According to David Noy, the Jews living in Rome reached something between the 2% and 6% of the population living in Rome, and numbered between 20.000 till 60.000 (Noy, Foreigners at Rome: 257-258). On the other hand, Heikki Solin argues that the Jews living in Rome would have numbered almost 40.000 (Heikki Solin, Jüden und Syrer im westlichen Teil der römischen Welt: Eine ethnische-demographische Studie mit besonderer Berücksiochtigung der spralichen Zustände, Aufstieg und Niedergang der römischen Welt II, 29.2. Edited by Hildegard Temporini (Berlin-New York: de Gruyter, 1983): 616.698-701.).

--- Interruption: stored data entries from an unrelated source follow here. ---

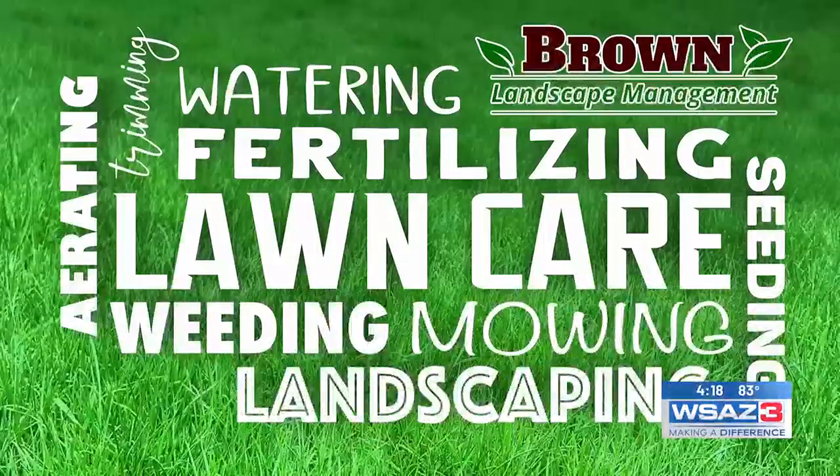It appears to be that summer is gone and fall is here. Right now is the perfect time to have your lawn aerated and overseeded. We had a really dry summer, so your soil is compacted, the grass hasn't been growing, and it hasn't received a lot of nutrients.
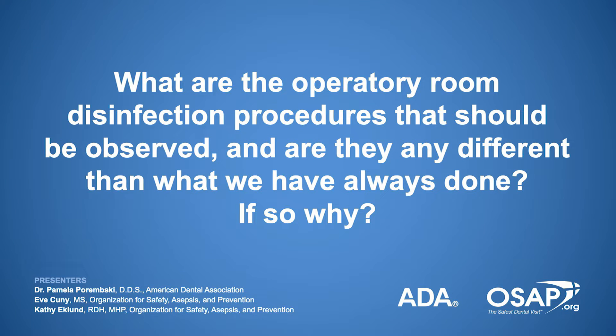What are the operatory room disinfection procedures that should be observed, and are they any different than what we have already always been doing, and if so, why?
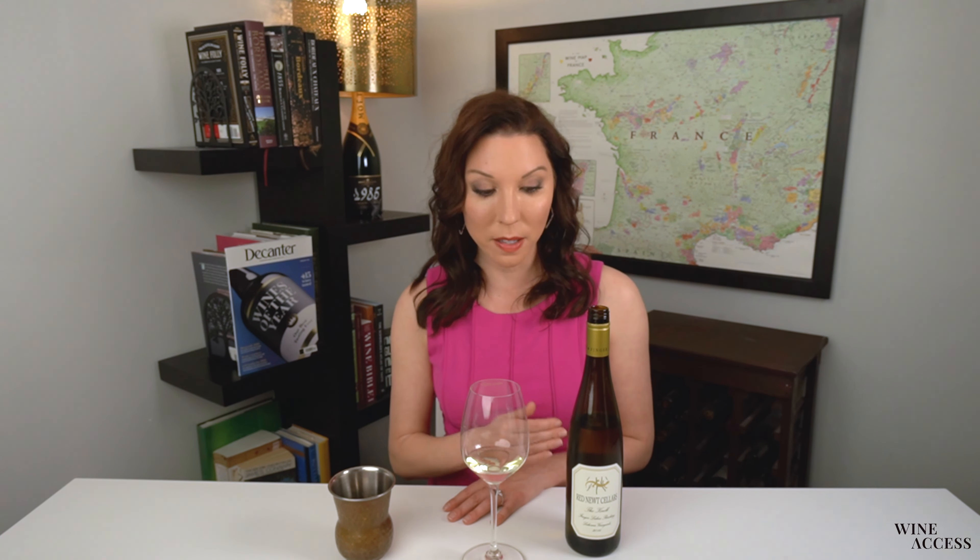Just a really beautiful linear expression — very pure, very clean. I could see this pairing with a number of different things on the table, including something with a little bit of spice, although I would caution against too much spice because this is a very bone dry Riesling. But super expressive and delicious. What a nice exploration of the Finger Lakes in this glass. Cheers.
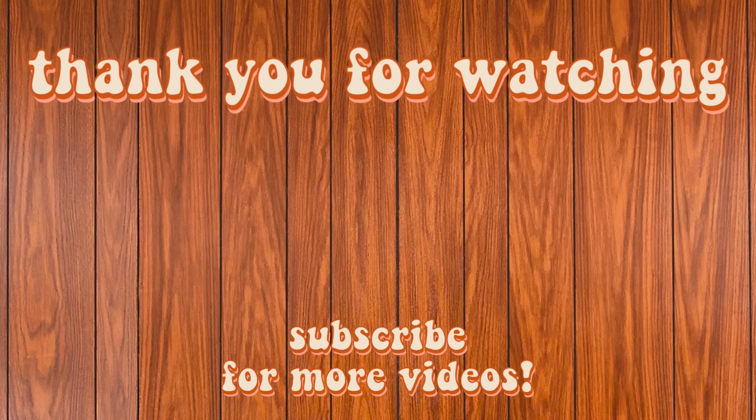That does it for this video. This is part one — part two is when the whole thing is done. If you're new to my channel, like sewing, thrifting, crafting, and of course crocheting, why not hit the subscribe button? You can follow me on my Instagram, my TikTok, and my Patreon.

According to Lawrence Tacoma, it is possible to estimate the number of Jews living in Rome in this period amounted to 15.000 – 40.000 (Lawrence Tacoma, Moving Romans, Migration to Rome in the Principate, Oxford, Oxford University Press, 2016, 61-62.). Rudolf Brändle and Ehkehard W Stegemann argue that during the rule of Nero no less than 20.000 Jews lived in Rome (Rudolf Brändle and Ehkehard W. Stegemann, The Formation of the First “Christian Congregations” in Rome in the Context of the Jewish Congregations, Judaism and Christianity in first-century Rome. Edited by Karl Paul Donfried and Peter Richardson (Grand Rapids, MI: Wm. B. Eerdmans Publishing Co.: 1998): 117-27). These figures, however, are quite problematic, as 40,000 or even 20,000-Jews would have left more substantial traces. It looks like the Jewish population in Rome during the first century undulated between 10.000 to 15.000/20.000 souls, although the former minimalist number should be preferred. The Jewish population, therefore, was no more than 1/2% of the total population of the city, that under Augustus numbered 800.000 and by the early second century 1.000.000.